Já o autarca do Porto, Pedro Duarte, tem uma visão mais otimista acerca do documento. Refere, por exemplo, ter ficado "impressionado" com o facto de os norte-americanos terem assumido a "relevância" da Europa como parceira dos Estados Unidos.
"Abandona-se de vez a lógica dos Estados Unidos todo poderoso, a lógica unipolar em termos globais, é assumido que há um equilíbrio com a China e, em certo sentido, com a Rússia. E neste capítulo, tenta-se puxar pela Europa para poder vir a ser um parceiro dos Estados Unidos", aponta.
Considera, por isso, que há um "exagero" do ponto de vista da "indignação" quanto à estratégia traçada pelos EUA. "Há lá alguns elementos que me pareceram muito interessantes e muito positivos dos Estados Unidos poderem ver a Europa como um aliado no futuro", insiste.
Já no entender do historiador José Pacheco Pereira, a nova Estratégia de Segurança Nacional norte-americana "entrega a Europa à influência russa".
"O texto, resumindo isto em palavras duras e grossas, diz o seguinte: há três poderes no mundo - os Estados Unidos, a Rússia e a China. E a Europa tem duas soluções: ou se torna numa espécie de colónia dos Estados Unidos ou então entrega a soberania da Europa à Rússia. O que está ali implícito é que a potência que em condições normais devia dominar a Europa, uma vez que há estes problemas que os Estados Unidos identificam, é a Rússia", traduz.

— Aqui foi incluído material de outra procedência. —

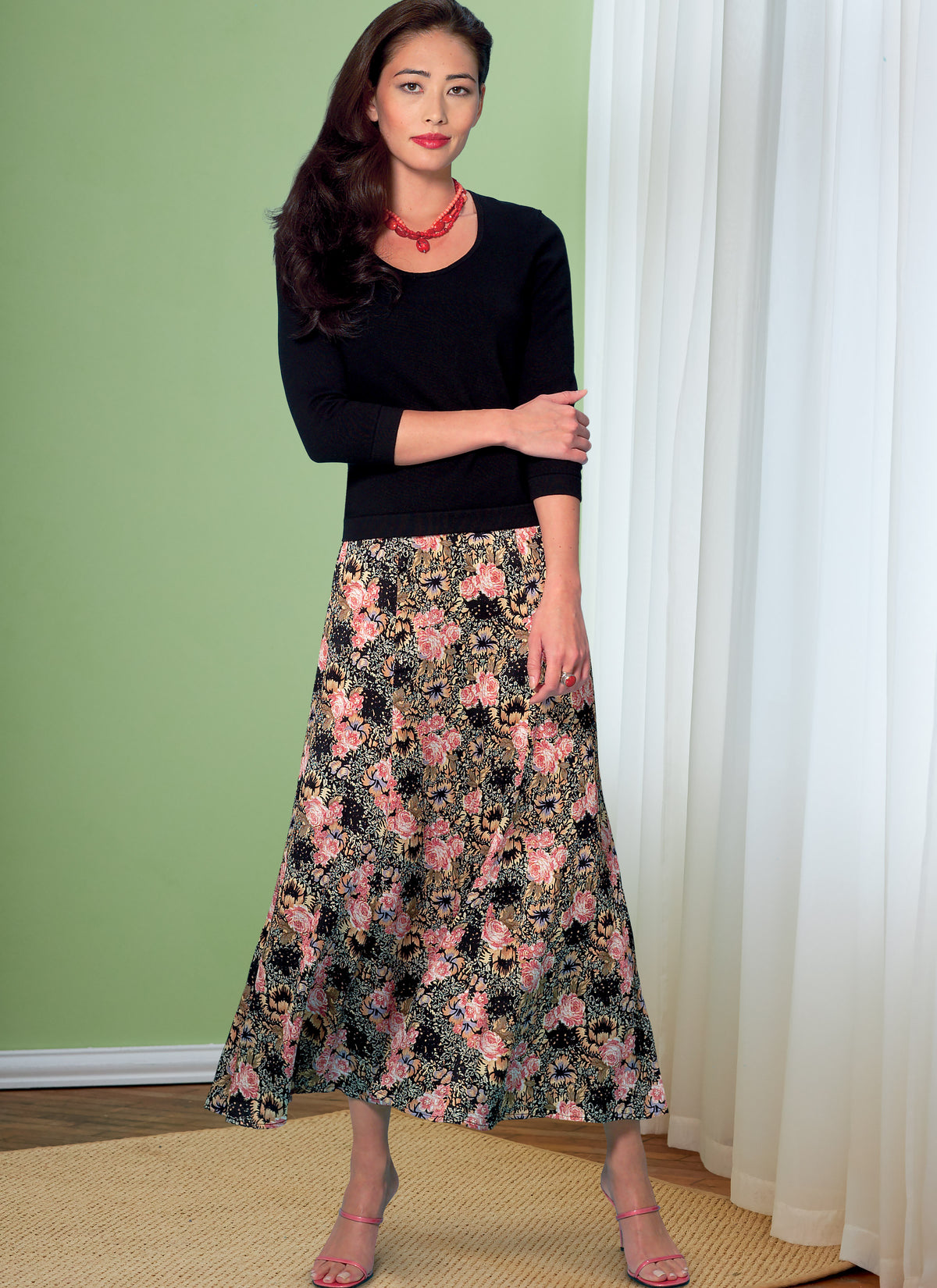 Butterick B6743 sewing pattern envelope showing misses' flared skirt designs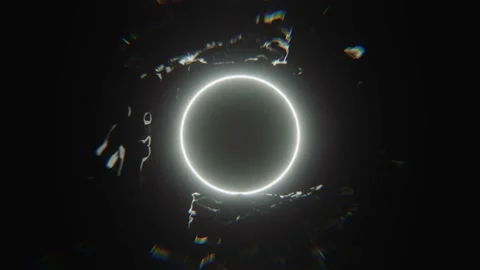 Round Frame In Dark Space Stock Footage 233255701
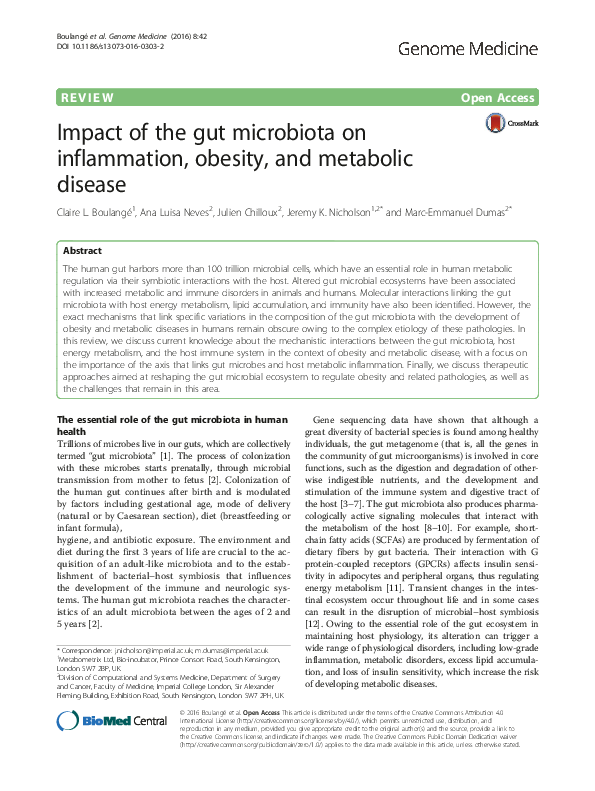 (PDF) Impact of the gut microbiota on inflammation, obesity, and ...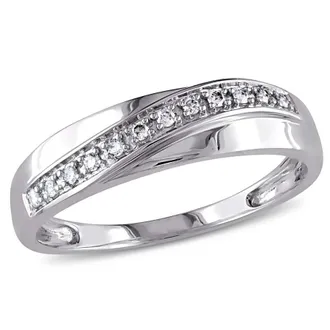 Amour 1/10 CT TW Mens Crossover Diamond Wedding Band In 10K White Gold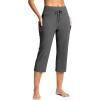 imageG Gradual Yoga Capri Pants for Women with Pockets High Waist Capris Leggings Tummy Control Straight Workout Summer Crop PantsCharcoal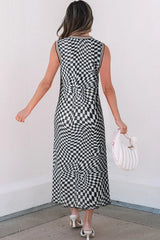 Checkered Round Neck Sleeveless Midi Dress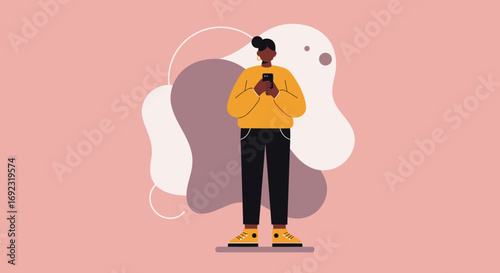Modern woman using a smartphone, connecting digitally. Perfect for concepts of technology, social media, and communication in a contemporary lifestyle.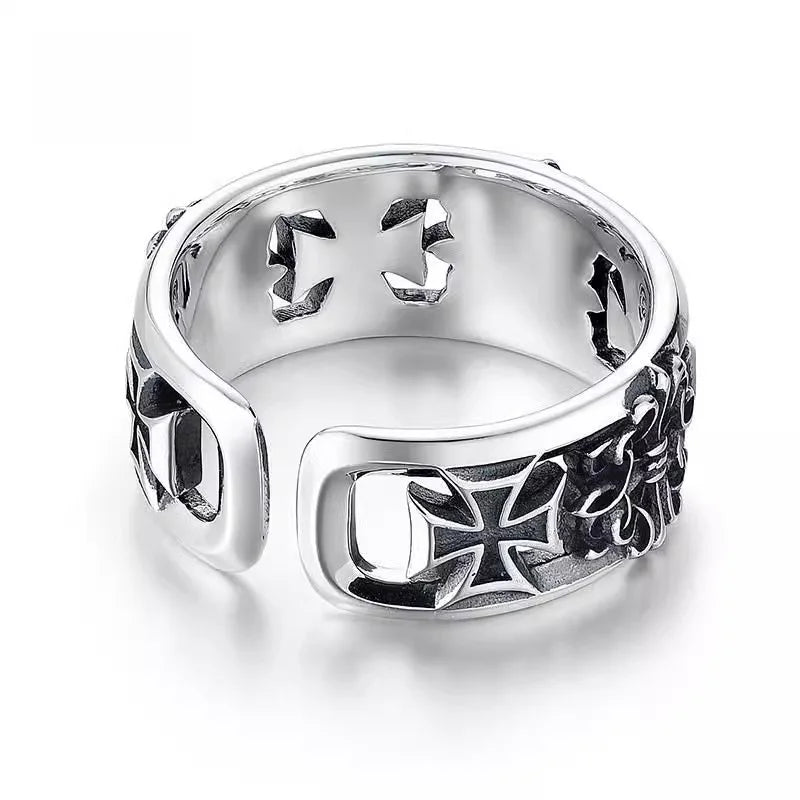 Men's Cross Ring - Vintage Y2K Punk Gothic Adjustable Couple Jewelry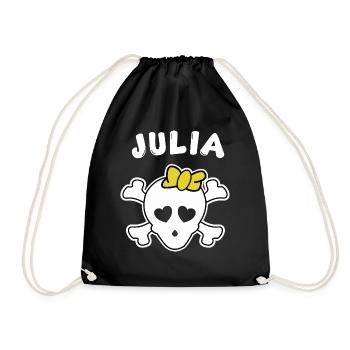 Piratin Julia Design für Mädchen und Frauen - Turnbeutel - Schwarz - Vorne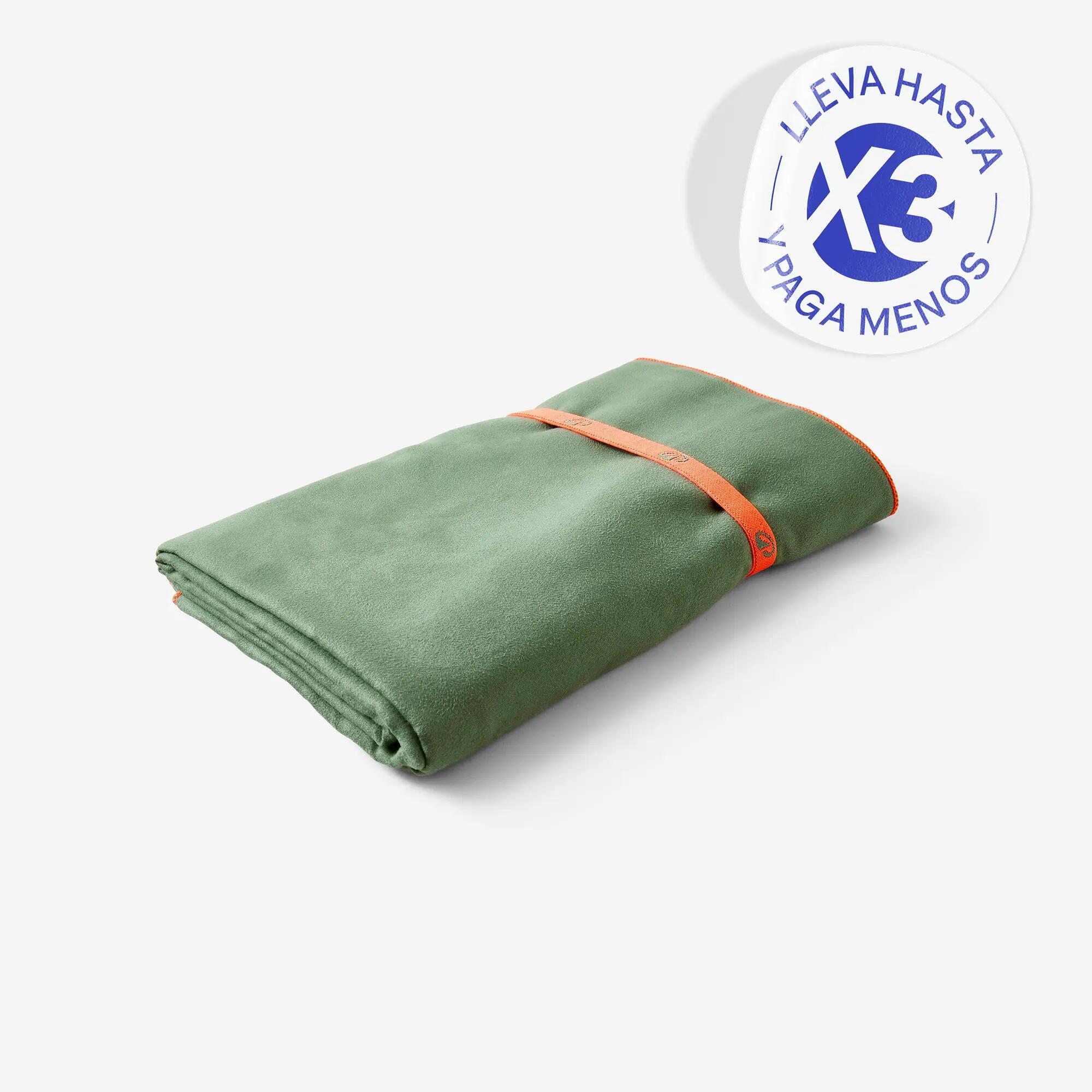 Toalla de natación de microfibra XG de 110 x 175 cm caqui 6/16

Indo mais longe, Pacheco Pereira defende que os EUA têm procurado "interferir diretamente na política interna dos países europeus", uma atitude que, em condições normais, "podia levar até países cortarem as relações".

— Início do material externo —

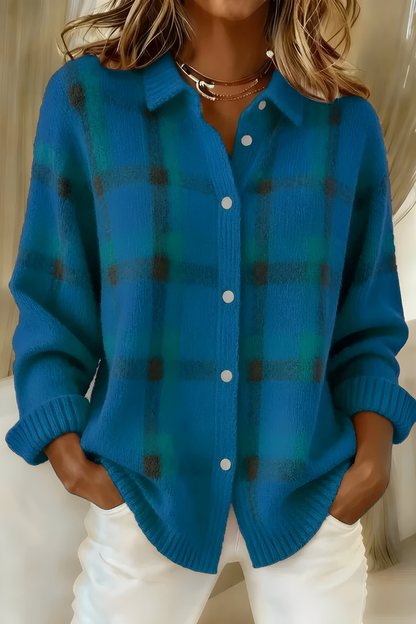 Women's Plaid Button-Up Cardigan Sweater — Relaxed Fit Knit 6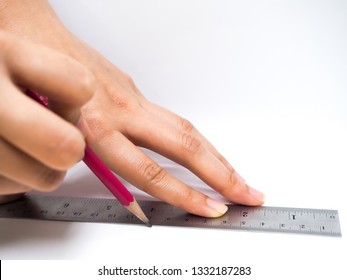 Drawing Straight Line With Pencil And Ruler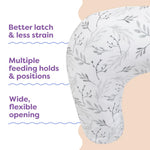 Boppy Nursing Pillow - Firm, Ergonomic U-Shaped Bottle and Breastfeeding Pillow with High Lift for Comfort and Support, Spacious Surface - Gray Gentle Leaves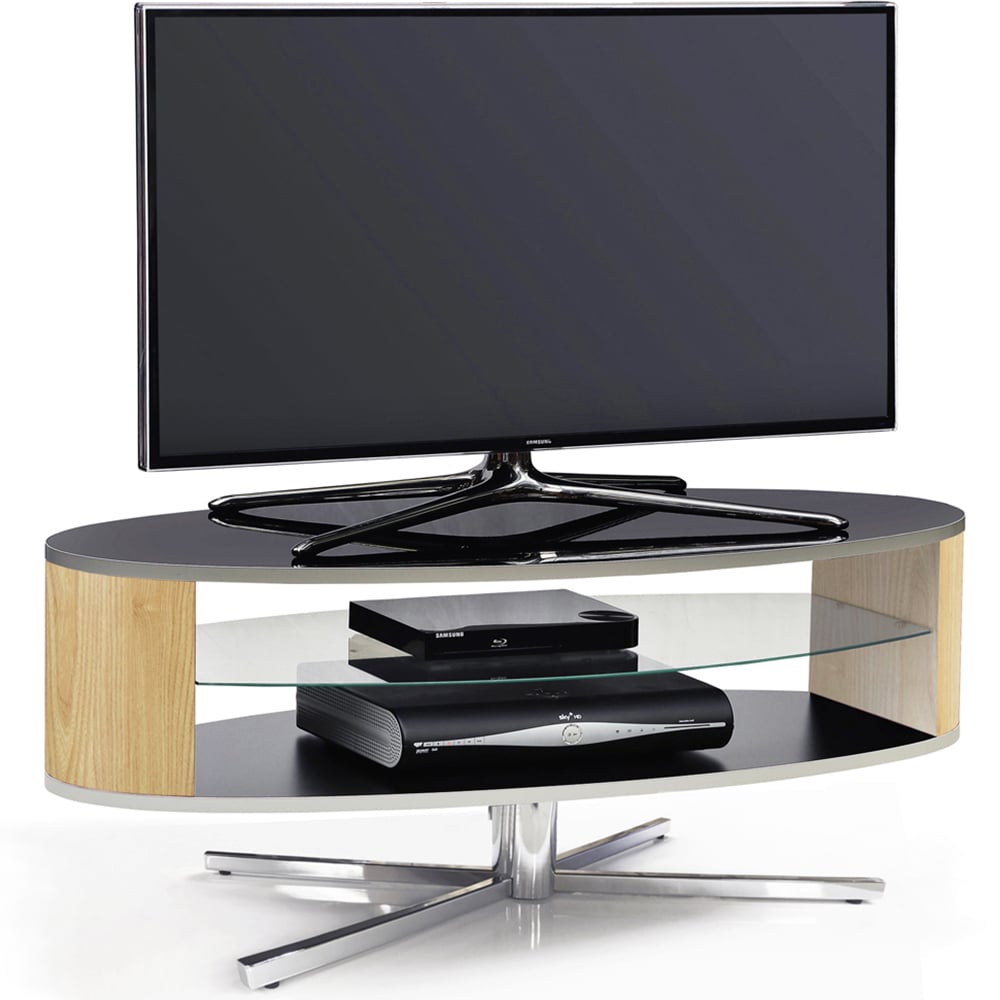 MDA Designs Orbit 2 Shelf Black and Oak TV Cabinet Image 6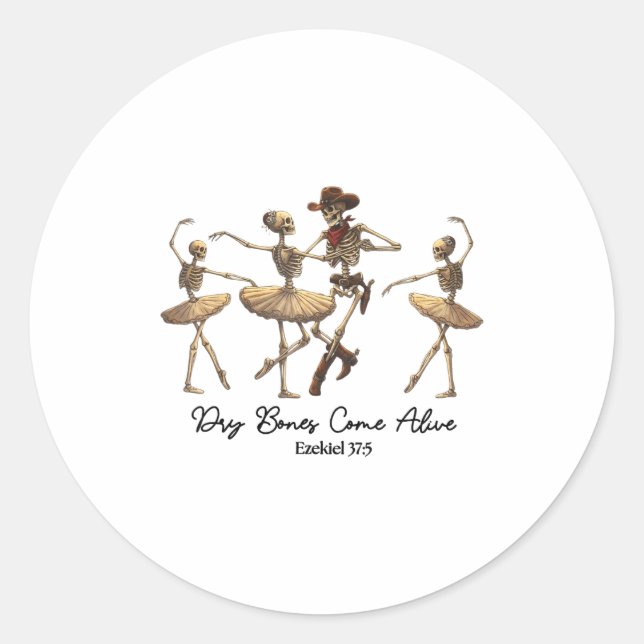 Sticker Rond Funny Christian Halloween Ballet Cowboy Skeleton P (Devant)
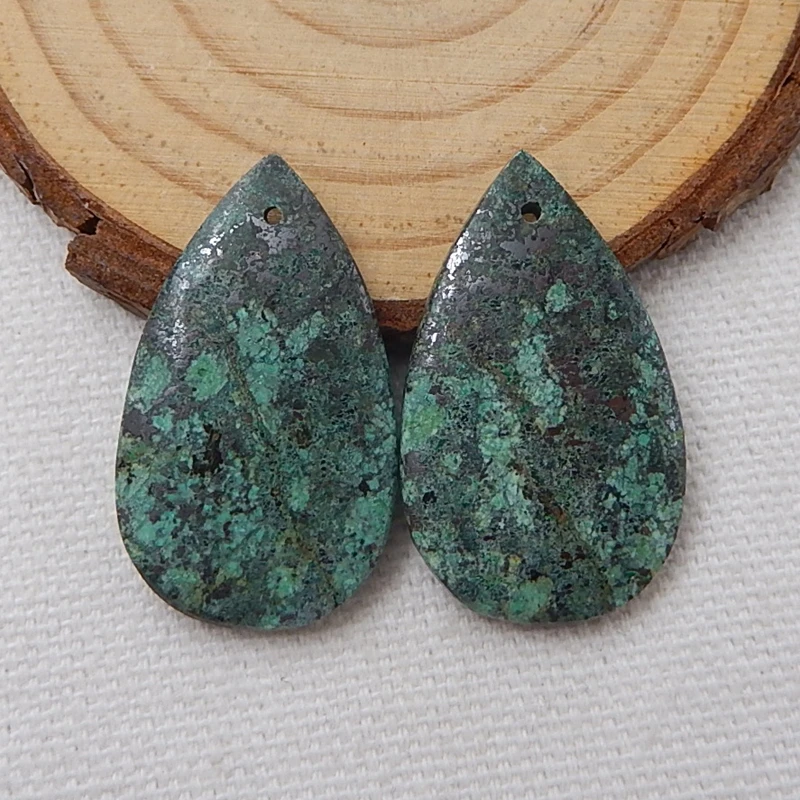 1 пара серьги из натурального камня в африканском стиле с бирюзой 30x18x4 мм 7 5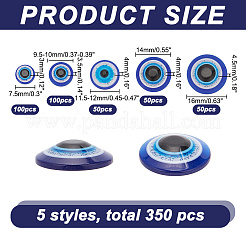 350Pcs 5 Styles Craft Resin Doll Eyes&nbsp;DIY-AR0003-15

Entre outros alvos da Administração norte-americana, estão as instituições europeias que alega minarem "a liberdade política e a soberania", as políticas migratórias, a "censura à liberdade de expressão e a repressão da oposição política, o colapso das taxas de natalidade e a perda das identidades nacionais e da autoconfiança" na Europa.
"Se as tendências atuais continuarem, o continente [Europa] vai ficar irreconhecível dentro de 20 anos ou menos", lê-se no documento, de 33 páginas, analisado pela agência de notícias francesa AFP, onde é defendida a "restauração da supremacia" dos EUA na América Latina.
Trump, no prefácio, resume: "Pomos a América em primeiro lugar em tudo o que fazemos."
"É mais do que plausível que, em poucas décadas, no máximo, os membros da NATO (Organização do Tratado do Atlântico Norte, na sigla inglesa) se tornem predominantemente não europeus", escreveu, acrescentando que "é legítimo questionar se eles perceberão o seu lugar no mundo ou a sua aliança com os EUA, da mesma forma que aqueles que assinaram a carta da organização".
Washington manifesta o desejo de que "a Europa permaneça europeia, recupere a sua autoconfiança civilizacional e abandone a sua obsessão infrutífera com o sufoco regulatório".
No texto, defende-se ainda que "a era das migrações massivas tem de acabar" e que "a segurança das fronteiras é o principal elemento da segurança nacional [norte-americana]".
Entre outros aspetos, a estratégia dos EUA anuncia um reajustamento da sua presença militar no mundo, "para responder às ameaças emergentes" naquele continente e um "afastamento de 'teatros' [de operações] cuja importância relativa para a segurança nacional americana diminuiu nos últimos anos ou décadas".